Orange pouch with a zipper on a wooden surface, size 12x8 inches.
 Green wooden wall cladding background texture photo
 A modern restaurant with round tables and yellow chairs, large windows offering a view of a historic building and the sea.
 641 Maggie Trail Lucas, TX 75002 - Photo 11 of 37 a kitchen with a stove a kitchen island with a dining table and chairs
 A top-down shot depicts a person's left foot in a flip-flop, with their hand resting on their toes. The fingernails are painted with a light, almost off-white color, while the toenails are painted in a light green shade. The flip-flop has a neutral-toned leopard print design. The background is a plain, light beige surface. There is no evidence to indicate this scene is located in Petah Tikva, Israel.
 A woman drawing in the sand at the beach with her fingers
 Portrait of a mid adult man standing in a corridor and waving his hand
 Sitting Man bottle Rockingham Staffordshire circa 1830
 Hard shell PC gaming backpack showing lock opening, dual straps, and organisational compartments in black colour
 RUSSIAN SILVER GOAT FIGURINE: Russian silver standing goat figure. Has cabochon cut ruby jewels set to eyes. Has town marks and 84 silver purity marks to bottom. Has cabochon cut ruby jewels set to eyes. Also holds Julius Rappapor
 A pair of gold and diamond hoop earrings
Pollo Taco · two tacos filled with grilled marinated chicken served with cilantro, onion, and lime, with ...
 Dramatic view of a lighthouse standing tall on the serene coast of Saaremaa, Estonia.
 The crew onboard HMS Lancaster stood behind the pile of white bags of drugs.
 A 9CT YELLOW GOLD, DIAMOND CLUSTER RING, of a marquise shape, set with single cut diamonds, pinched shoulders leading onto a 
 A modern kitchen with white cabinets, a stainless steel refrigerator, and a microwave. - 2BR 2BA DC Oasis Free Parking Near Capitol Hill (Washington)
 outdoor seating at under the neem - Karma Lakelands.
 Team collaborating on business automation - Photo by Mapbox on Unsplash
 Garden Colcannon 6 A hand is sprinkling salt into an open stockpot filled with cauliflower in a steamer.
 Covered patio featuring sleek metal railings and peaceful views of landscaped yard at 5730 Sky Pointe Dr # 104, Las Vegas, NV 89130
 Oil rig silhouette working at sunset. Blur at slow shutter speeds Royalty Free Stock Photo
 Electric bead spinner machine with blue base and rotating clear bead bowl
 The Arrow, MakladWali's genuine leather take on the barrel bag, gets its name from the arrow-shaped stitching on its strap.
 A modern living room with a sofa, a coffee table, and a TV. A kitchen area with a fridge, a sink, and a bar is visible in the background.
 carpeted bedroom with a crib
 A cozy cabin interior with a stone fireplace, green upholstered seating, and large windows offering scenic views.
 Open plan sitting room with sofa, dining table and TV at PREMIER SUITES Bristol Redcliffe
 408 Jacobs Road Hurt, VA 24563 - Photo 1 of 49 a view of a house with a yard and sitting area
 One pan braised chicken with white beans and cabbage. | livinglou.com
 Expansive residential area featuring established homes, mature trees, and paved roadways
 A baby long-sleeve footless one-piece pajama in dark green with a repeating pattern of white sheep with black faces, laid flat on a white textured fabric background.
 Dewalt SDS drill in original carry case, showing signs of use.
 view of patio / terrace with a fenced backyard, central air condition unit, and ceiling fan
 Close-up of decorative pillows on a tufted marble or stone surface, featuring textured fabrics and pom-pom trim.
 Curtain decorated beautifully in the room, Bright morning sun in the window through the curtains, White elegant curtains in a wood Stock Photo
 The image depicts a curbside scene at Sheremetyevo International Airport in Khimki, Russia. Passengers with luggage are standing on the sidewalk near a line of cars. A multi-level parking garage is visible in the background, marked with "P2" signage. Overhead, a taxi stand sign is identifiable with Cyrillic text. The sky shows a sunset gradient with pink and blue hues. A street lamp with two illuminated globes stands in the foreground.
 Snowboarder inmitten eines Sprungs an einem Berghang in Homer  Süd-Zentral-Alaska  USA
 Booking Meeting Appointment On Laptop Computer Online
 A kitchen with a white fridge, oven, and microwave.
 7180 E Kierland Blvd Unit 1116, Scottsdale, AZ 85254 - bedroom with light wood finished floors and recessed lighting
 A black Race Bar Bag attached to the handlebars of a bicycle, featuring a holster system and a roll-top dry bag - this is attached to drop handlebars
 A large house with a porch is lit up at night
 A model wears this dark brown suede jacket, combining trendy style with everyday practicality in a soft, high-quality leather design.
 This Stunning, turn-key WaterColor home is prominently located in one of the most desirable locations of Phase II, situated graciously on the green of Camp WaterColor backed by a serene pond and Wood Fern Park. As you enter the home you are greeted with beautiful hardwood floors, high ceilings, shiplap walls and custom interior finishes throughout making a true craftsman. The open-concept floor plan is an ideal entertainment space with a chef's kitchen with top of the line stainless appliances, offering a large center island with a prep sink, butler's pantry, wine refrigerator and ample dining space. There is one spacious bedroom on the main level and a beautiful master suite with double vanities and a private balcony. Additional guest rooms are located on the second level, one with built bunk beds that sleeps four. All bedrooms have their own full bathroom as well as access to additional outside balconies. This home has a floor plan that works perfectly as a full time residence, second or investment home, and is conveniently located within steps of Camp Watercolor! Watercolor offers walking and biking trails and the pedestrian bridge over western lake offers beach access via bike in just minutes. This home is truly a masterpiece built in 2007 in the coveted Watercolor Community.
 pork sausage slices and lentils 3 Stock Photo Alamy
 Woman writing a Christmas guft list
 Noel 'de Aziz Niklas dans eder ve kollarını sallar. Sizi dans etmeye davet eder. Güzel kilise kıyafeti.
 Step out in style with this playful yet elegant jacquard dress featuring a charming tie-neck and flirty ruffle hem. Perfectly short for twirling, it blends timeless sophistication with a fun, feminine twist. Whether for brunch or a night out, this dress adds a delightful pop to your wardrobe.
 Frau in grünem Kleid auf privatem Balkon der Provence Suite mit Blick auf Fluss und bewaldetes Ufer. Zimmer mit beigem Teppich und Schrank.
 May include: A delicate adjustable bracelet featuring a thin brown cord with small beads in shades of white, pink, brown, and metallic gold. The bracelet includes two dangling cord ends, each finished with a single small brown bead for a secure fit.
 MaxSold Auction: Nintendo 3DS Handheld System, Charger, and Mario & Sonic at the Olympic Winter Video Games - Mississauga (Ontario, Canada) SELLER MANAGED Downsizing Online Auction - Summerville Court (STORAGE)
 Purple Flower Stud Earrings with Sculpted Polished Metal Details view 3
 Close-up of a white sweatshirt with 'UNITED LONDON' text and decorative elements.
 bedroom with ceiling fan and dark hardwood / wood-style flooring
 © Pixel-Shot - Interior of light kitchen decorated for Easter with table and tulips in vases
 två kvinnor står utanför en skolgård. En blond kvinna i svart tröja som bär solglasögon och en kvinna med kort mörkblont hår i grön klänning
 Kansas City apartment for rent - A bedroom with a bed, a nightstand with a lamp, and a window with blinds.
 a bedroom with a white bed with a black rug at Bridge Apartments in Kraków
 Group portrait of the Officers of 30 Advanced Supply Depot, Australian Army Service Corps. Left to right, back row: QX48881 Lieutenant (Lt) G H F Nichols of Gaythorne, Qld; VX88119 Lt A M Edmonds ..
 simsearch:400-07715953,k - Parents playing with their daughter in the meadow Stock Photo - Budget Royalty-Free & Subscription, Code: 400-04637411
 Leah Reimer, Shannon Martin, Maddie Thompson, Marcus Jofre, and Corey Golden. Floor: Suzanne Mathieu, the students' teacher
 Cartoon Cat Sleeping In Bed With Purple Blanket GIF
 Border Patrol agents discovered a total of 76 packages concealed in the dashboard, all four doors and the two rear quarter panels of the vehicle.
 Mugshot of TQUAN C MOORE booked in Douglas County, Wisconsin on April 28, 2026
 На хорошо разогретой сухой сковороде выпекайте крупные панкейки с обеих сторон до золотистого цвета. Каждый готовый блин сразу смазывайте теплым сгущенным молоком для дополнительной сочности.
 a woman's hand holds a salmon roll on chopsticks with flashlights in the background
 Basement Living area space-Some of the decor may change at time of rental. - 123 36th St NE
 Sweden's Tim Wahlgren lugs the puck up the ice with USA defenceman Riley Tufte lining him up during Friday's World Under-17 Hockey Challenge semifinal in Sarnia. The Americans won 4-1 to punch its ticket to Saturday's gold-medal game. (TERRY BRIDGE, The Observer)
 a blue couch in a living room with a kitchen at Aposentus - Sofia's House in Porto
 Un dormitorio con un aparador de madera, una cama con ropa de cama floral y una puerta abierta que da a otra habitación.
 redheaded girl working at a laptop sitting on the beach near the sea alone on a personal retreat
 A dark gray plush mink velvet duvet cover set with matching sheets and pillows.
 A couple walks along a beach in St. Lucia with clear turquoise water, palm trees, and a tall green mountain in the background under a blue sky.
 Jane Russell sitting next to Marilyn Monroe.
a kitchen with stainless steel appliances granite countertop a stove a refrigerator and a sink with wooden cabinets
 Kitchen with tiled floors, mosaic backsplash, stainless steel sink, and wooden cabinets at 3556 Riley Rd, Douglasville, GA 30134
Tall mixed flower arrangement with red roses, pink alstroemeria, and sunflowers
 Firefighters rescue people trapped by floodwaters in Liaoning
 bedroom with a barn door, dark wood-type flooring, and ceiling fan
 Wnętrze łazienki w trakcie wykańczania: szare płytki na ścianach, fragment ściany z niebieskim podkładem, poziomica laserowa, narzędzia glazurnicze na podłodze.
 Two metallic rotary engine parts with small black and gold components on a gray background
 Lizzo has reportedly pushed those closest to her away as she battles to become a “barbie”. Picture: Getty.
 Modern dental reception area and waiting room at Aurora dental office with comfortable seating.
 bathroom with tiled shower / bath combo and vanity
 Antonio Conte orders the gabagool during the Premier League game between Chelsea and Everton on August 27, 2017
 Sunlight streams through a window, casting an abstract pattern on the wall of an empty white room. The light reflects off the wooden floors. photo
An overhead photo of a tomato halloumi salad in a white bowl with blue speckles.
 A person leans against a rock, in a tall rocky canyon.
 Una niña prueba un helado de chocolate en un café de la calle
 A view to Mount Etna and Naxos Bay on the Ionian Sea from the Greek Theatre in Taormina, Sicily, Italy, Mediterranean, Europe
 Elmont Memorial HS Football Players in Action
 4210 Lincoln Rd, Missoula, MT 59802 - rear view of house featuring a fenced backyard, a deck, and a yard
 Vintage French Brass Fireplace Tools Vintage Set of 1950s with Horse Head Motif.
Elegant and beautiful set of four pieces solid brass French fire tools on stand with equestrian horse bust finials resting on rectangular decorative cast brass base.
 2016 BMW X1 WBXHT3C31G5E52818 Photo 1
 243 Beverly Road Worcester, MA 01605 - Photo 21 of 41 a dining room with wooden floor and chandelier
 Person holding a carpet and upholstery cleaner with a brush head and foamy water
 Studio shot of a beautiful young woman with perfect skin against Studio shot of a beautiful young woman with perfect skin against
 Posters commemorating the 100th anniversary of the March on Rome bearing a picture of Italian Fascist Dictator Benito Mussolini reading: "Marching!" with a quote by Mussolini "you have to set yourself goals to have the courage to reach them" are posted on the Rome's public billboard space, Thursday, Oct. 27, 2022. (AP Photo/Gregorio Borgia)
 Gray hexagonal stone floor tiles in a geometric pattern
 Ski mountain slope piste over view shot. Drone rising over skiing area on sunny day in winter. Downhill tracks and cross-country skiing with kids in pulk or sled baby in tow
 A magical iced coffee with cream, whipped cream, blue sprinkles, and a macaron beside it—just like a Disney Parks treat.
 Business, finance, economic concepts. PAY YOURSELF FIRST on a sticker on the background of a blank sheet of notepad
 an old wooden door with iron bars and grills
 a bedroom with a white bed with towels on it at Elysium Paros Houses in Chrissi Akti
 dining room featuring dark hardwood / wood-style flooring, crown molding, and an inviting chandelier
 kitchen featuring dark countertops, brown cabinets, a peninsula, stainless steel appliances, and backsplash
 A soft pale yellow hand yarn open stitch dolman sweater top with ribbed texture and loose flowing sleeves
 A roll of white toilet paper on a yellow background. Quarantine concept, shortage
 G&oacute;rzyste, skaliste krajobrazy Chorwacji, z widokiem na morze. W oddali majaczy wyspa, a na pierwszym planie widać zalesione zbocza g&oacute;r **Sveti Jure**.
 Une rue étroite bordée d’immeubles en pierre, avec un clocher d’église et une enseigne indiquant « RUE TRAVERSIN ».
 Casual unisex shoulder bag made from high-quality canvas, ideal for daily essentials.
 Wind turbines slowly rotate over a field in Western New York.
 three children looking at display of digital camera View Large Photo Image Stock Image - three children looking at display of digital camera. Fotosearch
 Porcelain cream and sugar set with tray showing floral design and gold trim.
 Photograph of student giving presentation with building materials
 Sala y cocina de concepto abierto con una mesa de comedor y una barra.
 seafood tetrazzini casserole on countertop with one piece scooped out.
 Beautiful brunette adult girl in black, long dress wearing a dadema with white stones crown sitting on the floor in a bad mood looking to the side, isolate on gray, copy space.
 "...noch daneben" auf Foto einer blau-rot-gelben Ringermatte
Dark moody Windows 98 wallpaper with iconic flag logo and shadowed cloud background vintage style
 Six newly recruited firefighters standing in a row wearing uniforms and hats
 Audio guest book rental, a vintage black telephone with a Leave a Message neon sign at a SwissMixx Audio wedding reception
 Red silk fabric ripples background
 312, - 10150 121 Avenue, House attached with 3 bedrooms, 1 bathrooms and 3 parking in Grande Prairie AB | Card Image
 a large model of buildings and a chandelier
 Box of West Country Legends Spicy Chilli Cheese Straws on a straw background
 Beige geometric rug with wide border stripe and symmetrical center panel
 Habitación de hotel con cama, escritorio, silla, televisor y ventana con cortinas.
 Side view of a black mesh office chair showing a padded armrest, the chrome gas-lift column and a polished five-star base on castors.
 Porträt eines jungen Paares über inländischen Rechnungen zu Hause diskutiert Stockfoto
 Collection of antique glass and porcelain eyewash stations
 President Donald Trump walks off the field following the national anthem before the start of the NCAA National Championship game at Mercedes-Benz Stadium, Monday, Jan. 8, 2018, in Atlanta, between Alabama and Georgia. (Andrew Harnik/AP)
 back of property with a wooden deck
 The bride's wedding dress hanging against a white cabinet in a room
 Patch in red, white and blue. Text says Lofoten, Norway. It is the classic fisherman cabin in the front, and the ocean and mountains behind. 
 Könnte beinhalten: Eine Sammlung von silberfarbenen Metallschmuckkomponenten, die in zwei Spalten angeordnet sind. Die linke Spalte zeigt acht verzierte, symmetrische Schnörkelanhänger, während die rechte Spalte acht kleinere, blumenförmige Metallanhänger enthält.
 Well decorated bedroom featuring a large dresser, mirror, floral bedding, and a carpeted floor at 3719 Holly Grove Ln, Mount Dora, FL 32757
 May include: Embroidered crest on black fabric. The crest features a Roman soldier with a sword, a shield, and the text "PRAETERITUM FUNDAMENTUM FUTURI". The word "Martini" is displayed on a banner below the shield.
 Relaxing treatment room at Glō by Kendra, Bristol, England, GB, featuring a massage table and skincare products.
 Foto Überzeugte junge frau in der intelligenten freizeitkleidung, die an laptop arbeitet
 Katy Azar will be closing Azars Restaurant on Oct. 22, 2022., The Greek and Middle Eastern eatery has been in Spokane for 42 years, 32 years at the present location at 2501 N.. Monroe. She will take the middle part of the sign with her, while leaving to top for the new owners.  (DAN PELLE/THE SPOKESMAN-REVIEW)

* _Description of the task_:
Using only the entries above, output the line with "redheaded girl working", the line with "Firefighters rescue people", and all lines between them, exactly as they stand.

* _Result of this exercise_:
 redheaded girl working at a laptop sitting on the beach near the sea alone on a personal retreat
 A dark gray plush mink velvet duvet cover set with matching sheets and pillows.
 A couple walks along a beach in St. Lucia with clear turquoise water, palm trees, and a tall green mountain in the background under a blue sky.
 Jane Russell sitting next to Marilyn Monroe.
a kitchen with stainless steel appliances granite countertop a stove a refrigerator and a sink with wooden cabinets
 Kitchen with tiled floors, mosaic backsplash, stainless steel sink, and wooden cabinets at 3556 Riley Rd, Douglasville, GA 30134
Tall mixed flower arrangement with red roses, pink alstroemeria, and sunflowers
 Firefighters rescue people trapped by floodwaters in Liaoning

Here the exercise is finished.